Macrofurry_Writer said:


> This entire thread is toxic. Either respect that macro can be done in a story focused roleplay situation or just shut up. You desperate disgraces to RP. You think you are all that with your entitlement to hate and blanket label others well let's see how good it is when you're forced to take the crap you dish out you pathetic good for nothing so called RPers.
> 
> When I started out RPing hardcore 8 years ago I had fun, now? Ha. Fun is far from it. Why? The entire RP community shifted from being tolerant to macro furries to hating them either due to hating macro or hating furries.
> 
> ...



As a person whose only decent roleplay experiences have been through D&D, nothing is more annoying when you are playing a character in a serious setting, dice rolls or not, only to have everything derailed because someone's too busy seducing every single vaguely female-shaped creature they find in a (tavern/inn/village/wilderness/dungeon/extradimensional plane) or trying to get their gay male (insert species here) to (seduce/have sex with/forcibly rape) my male straight (insert species here).

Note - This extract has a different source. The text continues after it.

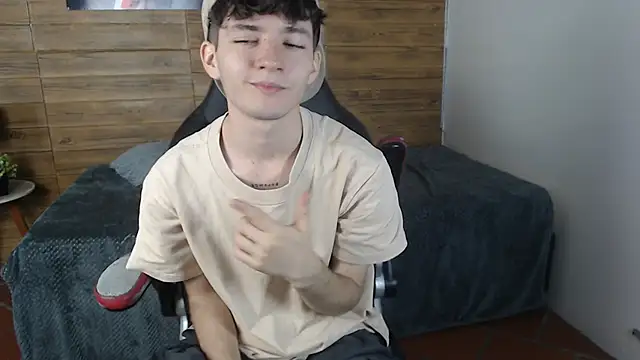 trevor mob online show from April 15, 5:09 pm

Even though I have expressed distaste in it both in and out of character, usually in-character because maybe, just maybe, they're also serious enough to not pursue a person who very clearly doesn't want to be someone's _uke_.
Sure, there can be sexual stuff, I'm usually the guy who thinks way too much about how the dynamics of Kobold or Gnoll reproduction works out, or how their living conditions would color their view on how private private is. There is a clear point where someone is very obviously Not Okay*™ *with what is happening to their character and in the roleplay session. There's a player in my current D&D group who is _extremely _uncomfortable with sexual depictions, and even though I play my Kobold Warlock logically, that being he has no concept of nudity being anything other than a natural state and even asking him if it is his (Aasimar) character's breeding season because he's acting more aggressive than usual, there is a very clear cut-off point where I know I'm pushing the limit of how comfortable he is and that is where I stop. Everyone, no matter how sexually charged, deprived, depraved, or otherwise into roleplaying a fetish, and there are times when I'm tempted to do so, needs to know when it is appropriate to the tone of the session.
There is a reason why people on this thread are commiserating regarding fetish RPers forcing the subject and changing the tone- Because they're having people, despite being told 'motherfucking no' several times, forcing them into sexually charged situations that they did not consent to in any way, shape, or form.
I quote the original post:


Inkblooded said:


> Please do not force your fetish onto other people in general, non-fetish RP servers.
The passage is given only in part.